Naturschutz hier, Erholung dort, Äcker und Forsten woanders: Veralteter Funktionalismus prägt die Planung im Grünen, meint der Landschaftsarchitekt Sören Schöbel. In der Energiewende sieht er die Chance, wieder ganzheitliche Räume zu schaffen

27.04.20147 Min. 1 Kommentar schreiben
Foto: privat
Integrativ: Professor Sören Schöbel lehrt Landschaftsarchitektur regionaler Freiräume an der TU München in Freising-Weihenstephan. (Foto: privat)

Interview: Roland Stimpel

Deutschlands Landschaftsplanung ist offenbar auf der Höhe der Zeit: für Naturschutz und gegen Flächenfraß, neuerdings zunehmend auf das Thema Energie fokussiert.

In zentralen Aspekten ist sie Jahrzehnte zurück. Die Stadtplanung hat sich seit den 1970er-Jahren allmählich von der Charta von Athen und ihrem Prinzip der Funktionstrennung verabschiedet. Aber draußen vor der Stadt wird planerisch immer noch so gedacht. Da gibt es die Agrarlandschaft und den Forst, das Gebiet für die Erholung und das für den Naturschutz. Und es gibt die stark belasteten Landschaften, meist in der Nähe der Städte und in Flusstälern. Dieser Funktionalismus hat sich in der Landschaftsplanung seit den 1970er-Jahren sogar noch verfestigt. Da wurden auf der einen Seite Schutzräume definiert – landschaftliche Äquivalente zu den denkmalgeschützten Altstädten. Auf der anderen Seite galten und gelten belastete Räume als nicht rettbar und beplanbar – Äquivalente zu dem, was Stadtplaner als Peripherie, Sprawl oder Suburbia bezeichnen.

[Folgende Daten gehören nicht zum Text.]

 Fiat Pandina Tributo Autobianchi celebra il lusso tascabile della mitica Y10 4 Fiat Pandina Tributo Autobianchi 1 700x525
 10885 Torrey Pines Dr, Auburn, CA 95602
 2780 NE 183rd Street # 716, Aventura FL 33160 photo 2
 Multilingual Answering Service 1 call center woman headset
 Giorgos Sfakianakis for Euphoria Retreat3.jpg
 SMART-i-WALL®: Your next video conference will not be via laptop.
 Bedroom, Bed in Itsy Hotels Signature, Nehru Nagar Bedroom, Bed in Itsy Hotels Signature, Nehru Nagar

Warum sollte man Landschaft nicht so behandeln?

Aus ähnlichen Gründen wie bei den Städten. Monofunktionalität bedeutet Verödung, bedeutet den Ausschluss von allzu vielem aus jedem Teil der Landschaft. Und sie führt auch dazu, dass Räume vernachlässigt und diskriminiert werden – ausgerechnet diejenigen, in oder an denen die meisten Menschen leben. Das widerspricht unserem Verfassungsprinzip von der Gleichwertigkeit der Lebensverhältnisse.

Aber jetzt gibt es noch eine weitere Kategorie, die Energielandschaft.

Die gibt es schon lange. Holz wurde verfeuert; auf einem Großteil aller Felder wurde einst Hafer für die Pferde angebaut. Dann kam die industrielle Energielandschaft mit großen Bergwerken über und unter Tage und mit Kraftwerken. Die waren aber sehr konzentriert und für die meisten Menschen nicht sichtbar. Die Produktion erneuerbarer Energien rückt dagegen wieder buchstäblich ins Blickfeld.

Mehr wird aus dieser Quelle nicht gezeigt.